Telcos, it seems, have a very poor record in Australia of managing the issues being faced. Whilst plausible, it is hard to imagine how a list of 45 potential suppliers could not “match its price demands.” Whatever the case, NBN and the government are showing every sign of battle fatigue and a near perfect score sheet in failed media relations.

They are not alone. It is often said that getting your name (or your organisation's name) in the media is always good but telco chiefs and their staff know that this is a myth. Indeed many a corporation would rather their name not be in the media for fear of misinformation. This is a serious and present risk for any organisation. Indeed with an explosion on the media available and the proliferation of smart phones, Tweets and the like, an organisation needs to spend time and money doing some “risk management”.

Consider the BP oil disaster (or should we name it as The BP Media Relations Fiasco).
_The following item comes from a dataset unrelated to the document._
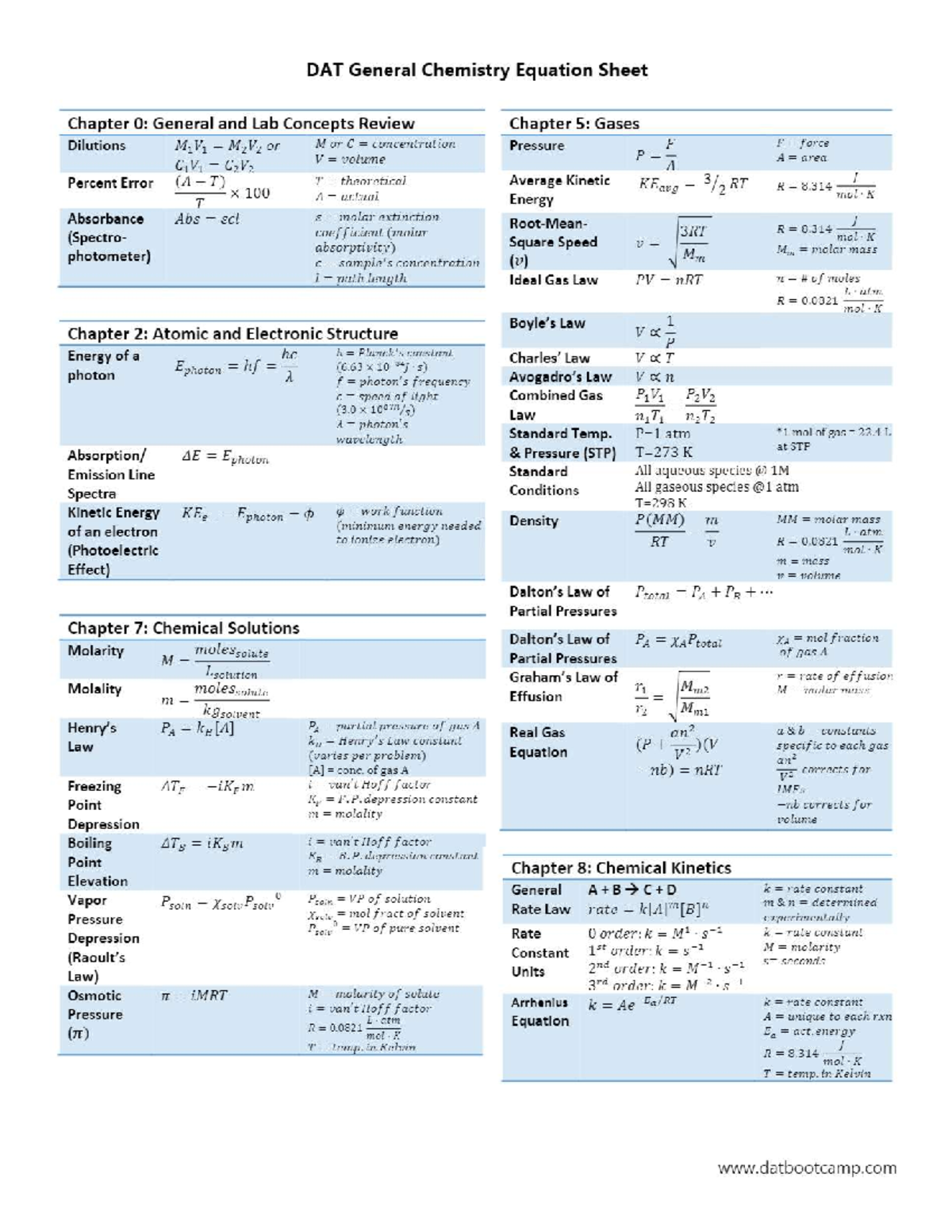 Chem Equation Sheet For Chemistry Class Eng Tech 1Ch3 McMaster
After an explosion in a BP platform in the Gulf of Mexico last April killed 11 people and caused the biggest oil spill in US history, the company’s CEO at the time, Tony Hayward, zoomed in on the implications - for his career! He appeared pre-occupied with the incident’s impact on BP’s management and, in particular, on himself, famously being quoted as saying to executives in his London office, “What the hell did we do to deserve this?” Despite PR coaching, a month later he told reporters, “I’d like my life back.”

Business leaders should be wriggling in psychic pain with what can go wrong when the bigger picture of an issue is not appropriately acknowledged. Clearly someone needed to take BP leader’s view of the situation to a much higher level than his own personal discomfort. Telco’s should mind their P’s and Q’s in a highly competitive environment and note how the political winds are changing.